Paired data are somehow intimately connected.
Two sets of observations are paired if each observation in one set has a special correspondence or connection with exactly one observation in the other data set.
Tell me whether or not these data are paired.
If the data are paired, their difference has direct and interpretable meaning both in English and in statistics; \(X_{i,diff} = X_{i,a} - X_{i,b}\) has meaning. Therefore
\[\bar{X}_{diff} \quad \text{ and } \quad s_{\bar{X}_{diff}}\]
are simply fancy ways to write new random variables.
Are textbooks actually cheaper online? Compare the price of textbooks at the University of California, Los Angeles’ (UCLA’s) bookstore and prices at Amazon.com. Seventy-three UCLA courses were randomly sampled in Spring 2010.
Plot the data!
Calculate and interpret a 95% confidence interval of the difference in Amazon.com versus UCLA’s book prices.
    One Sample t-test
data:  d
t = -7.6488, df = 72, p-value = 6.928e-11
alternative hypothesis: true mean is not equal to 0
95 percent confidence interval:
 -16.087652  -9.435636
sample estimates:
mean of x 
-12.76164 We are \(95\)% confident that the true mean difference in price between Amazon.com and UCLA’s books is between -16.09 and -9.44.
Set up, evaluate, and conclude in context a hypothesis test at \(\alpha = 0.05\).
The natural hypotheses are
\[ H_0: \mu_{diff} = 0 \text{ versus } H_1: \mu_{diff} \ne 0. \]
    One Sample t-test
data:  d
t = -7.6488, df = 72, p-value = 6.928e-11
alternative hypothesis: true mean is not equal to 0
95 percent confidence interval:
 -16.087652  -9.435636
sample estimates:
mean of x 
-12.76164 Becuase p-value\(<0.0001 < \alpha = 0.05\), we reject \(H_0\). There is insufficient evidence to claim that Amazon.com and UCLA’s book prices are the same.
Two sample t-tests estimate the difference between two population means from two independent samples of data. We estimate \(\mu_a - \mu_b\) with the point estimator \(\bar{X}_a - \bar{X}_b\).
Confidence intervals for two sample t-tests follow the same pattern as before,
\[ (\bar{X}_a - \bar{X}_b) \pm t^*_{df} \cdot s_{\bar{X}_a - \bar{X}_b}. \]
Test statistics for two sample t-tests follow the same pattern as before, and p-values are exactly the same.
Consider the data set ape::carnivora. Calculate a \(98\)% confidence interval for the difference in mean longevity between the two SuperFamilies Caniformia and Feliformia.
A \(98\)% CI, difference in longevity by Caniformia and Feliformia.

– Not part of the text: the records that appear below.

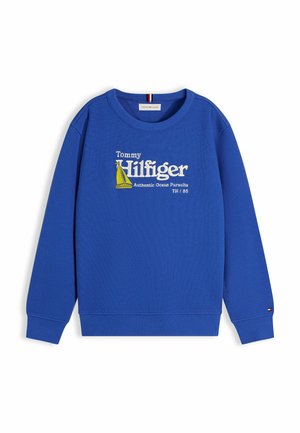 Uśmiechnięty chłopiec stoi z rękami w kieszeniach, ubrany w niebieską bluzę Tommy Hilfiger, luźne niebieskie dżinsy i beżowe trampki na białym tle.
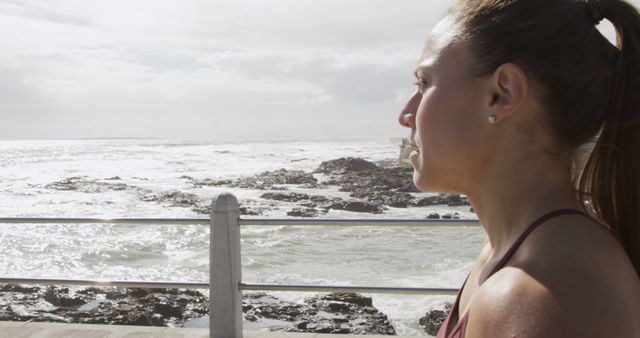 Sporty Woman Looking at Ocean Horizon During Fitness Run - Download Free Stock Images Pikwizard.com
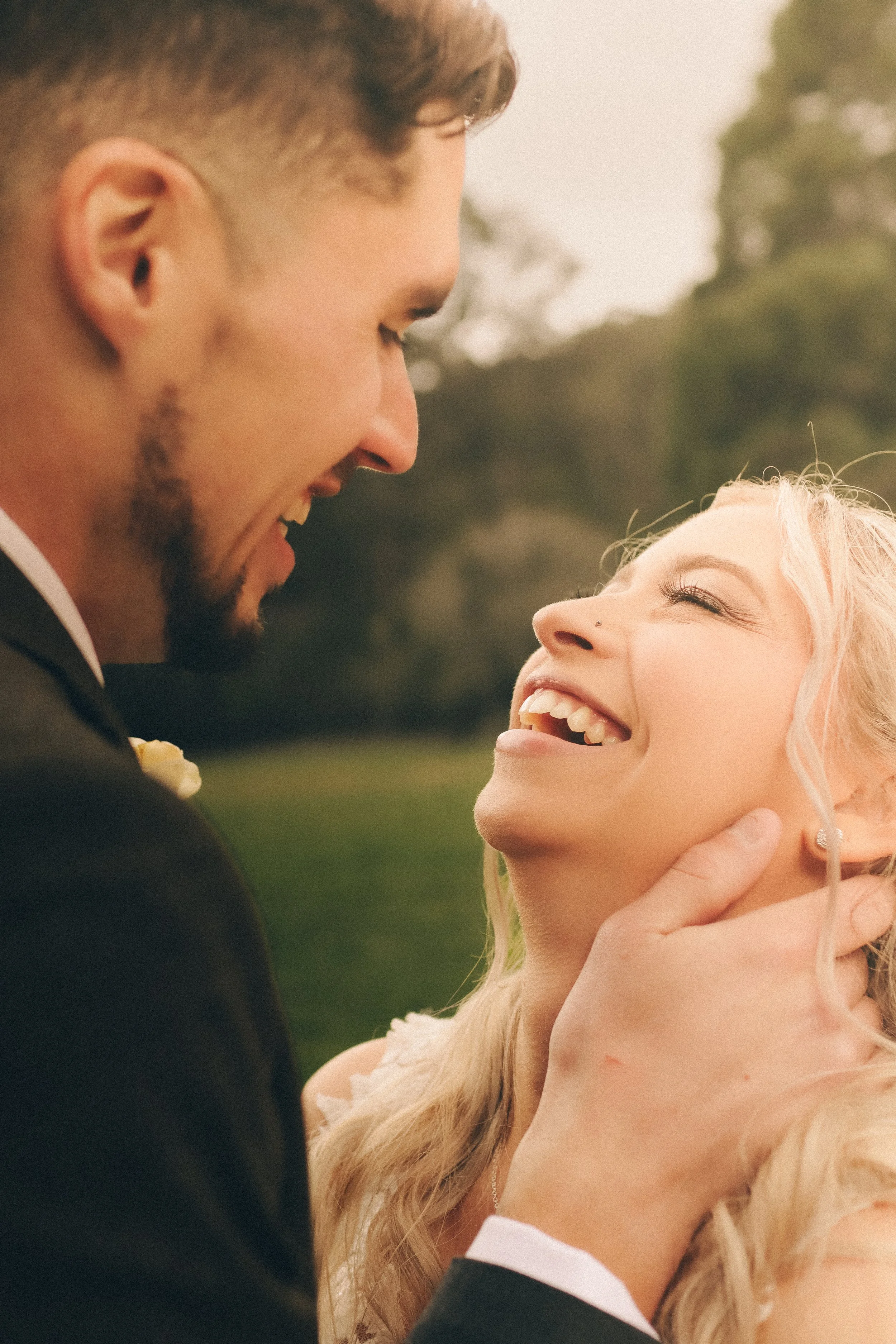 A man and woman smiling, embracing outdoors, the man holding the woman's face gently.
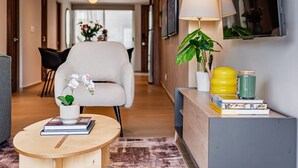 A modern living room with a sofa, a coffee table with books, a lamp, and a plant. - 3 Private Apts in Condesa with Private Terrace (Mexico City)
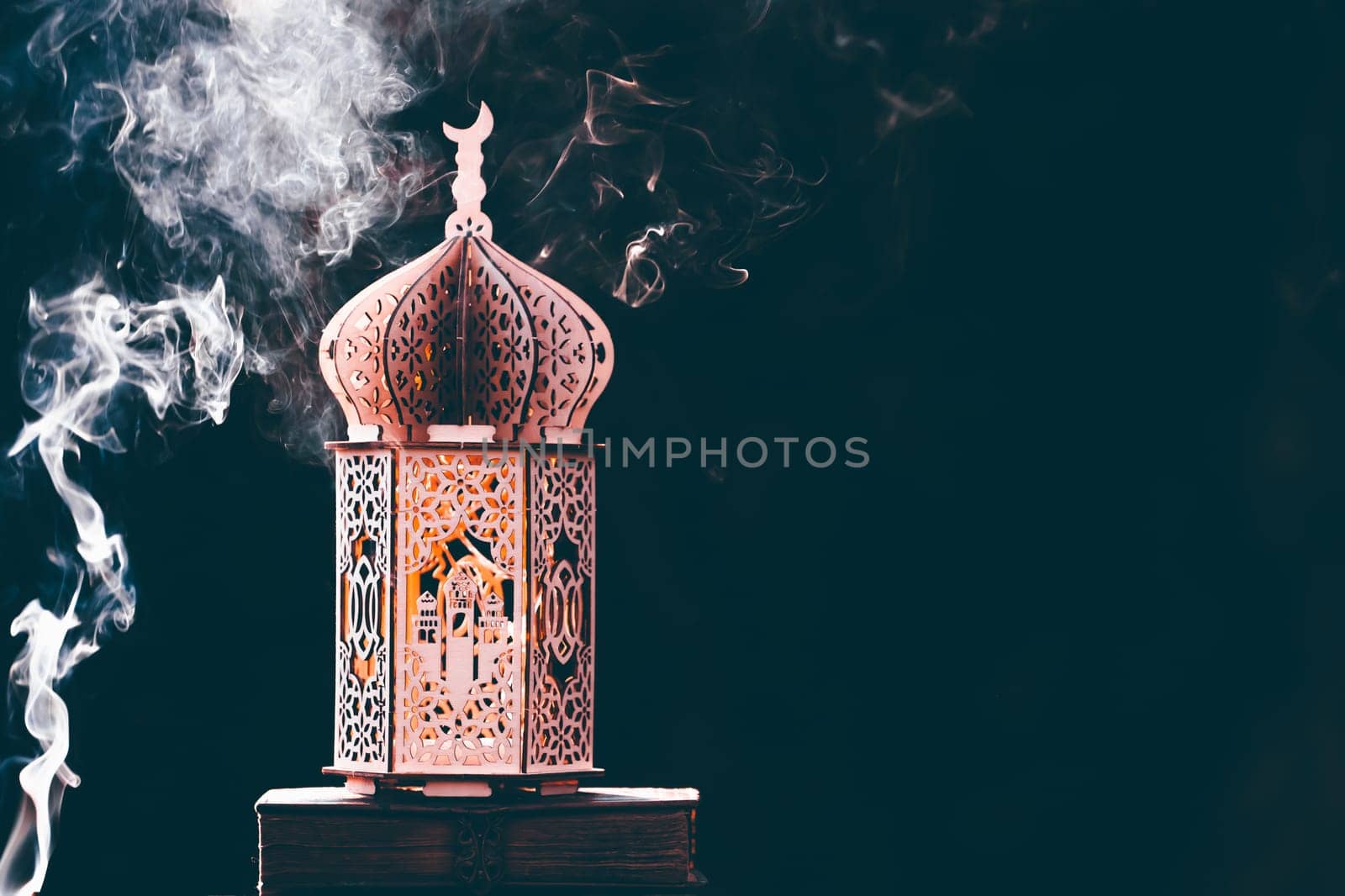 Ornamental Arabic lantern with with Holy Quran. Festive greeting card for Muslim holy month Ramadan Kareem.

    Welch Two Sample t-test
data:  LY by SuperFamily
t = 1.0243, df = 37.394, p-value = 0.3123
alternative hypothesis: true difference in means between group Caniformia and group Feliformia is not equal to 0
98 percent confidence interval:
 -28.13845  69.13511
sample estimates:
mean in group Caniformia mean in group Feliformia 
                192.4583                 171.9600 We are \(98\)% confidence that the population difference in mean longevity between the SuperFamlies Caniformia and Feliformia is between -28.1 and 69.1.
Set up, evaluate, and conclude in context a hypothesis test at \(\alpha = 0.02\).
The natural hypotheses are
\[ H_0: \mu_C = \mu_F \text{ versus } H_1: \mu_C \ne \mu_F \]
and \(\alpha = 0.02\).
Because p-value \(=0.31 > \alpha = 0.02\), we fail to reject \(H_0\). There is insufficient evidence to claim that the true difference in mean longevity between Caniformia and Feliformia is different.
Overall things have stayed pretty much the same: confidence intervals, hypothesis tests, and interpretations. Now we have new types of data we can work with.